*** Dataset records Section Begins ***

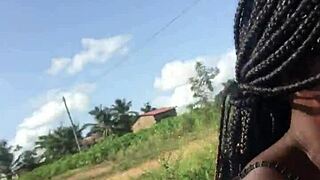 Crazy girl loves shaking her huge butt in the open air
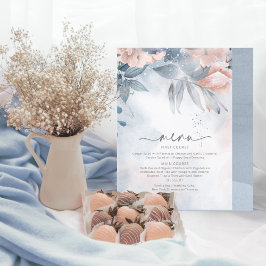 Calligraphy Blommigt Bröllop Menu Blue ID771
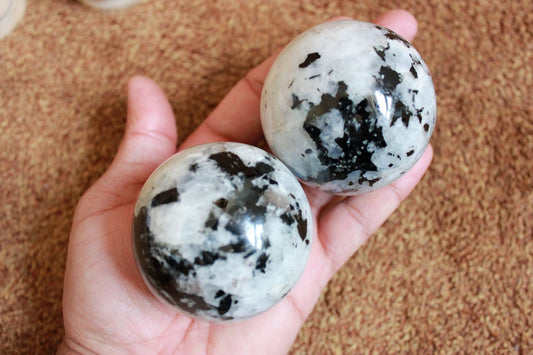 Rainbow Moonstone Spheres, High Quality Rainbow Moonstone Balls, Large Size-60 mm | 10.8 Oz | 300 g - Healing Crystal for Energy, Meditation, and Balance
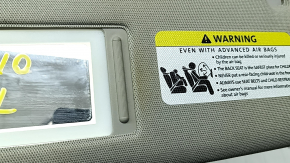 Left visor for Audi Q7 4L 10-15, gray, cloth, no hook, needs cleaning, broken latch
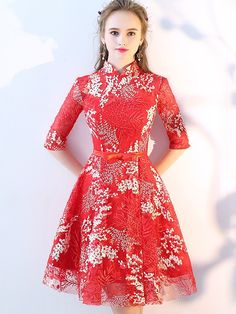 Embroidered Mesh A-Line Qipao / Cheongsam Wedding Dress Vintage Clothing Boutique, Asian Fusion, Chinese Wedding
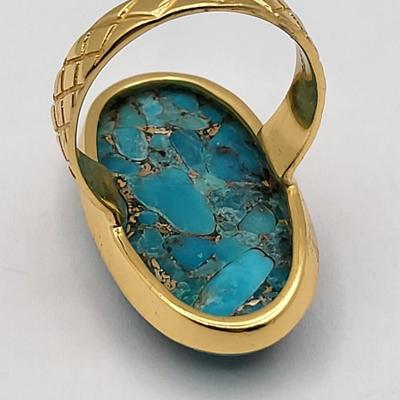 Ross Simons Mosaic Turquoise Ring Size 10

*** Dataset records Section Ends ***

[Exercise]:
Could you repeat all of the entries exactly, without the pictures?

[Exercise solution]:
 Crazy girl loves shaking her huge butt in the open air
 Calligraphy Blommigt Bröllop Menu Blue ID771
 Rainbow Moonstone Spheres, High Quality Rainbow Moonstone Balls, Large Size-60 mm | 10.8 Oz | 300 g - Healing Crystal for Energy, Meditation, and Balance
 Left visor for Audi Q7 4L 10-15, gray, cloth, no hook, needs cleaning, broken latch
 Embroidered Mesh A-Line Qipao / Cheongsam Wedding Dress Vintage Clothing Boutique, Asian Fusion, Chinese Wedding
 Ross Simons Mosaic Turquoise Ring Size 10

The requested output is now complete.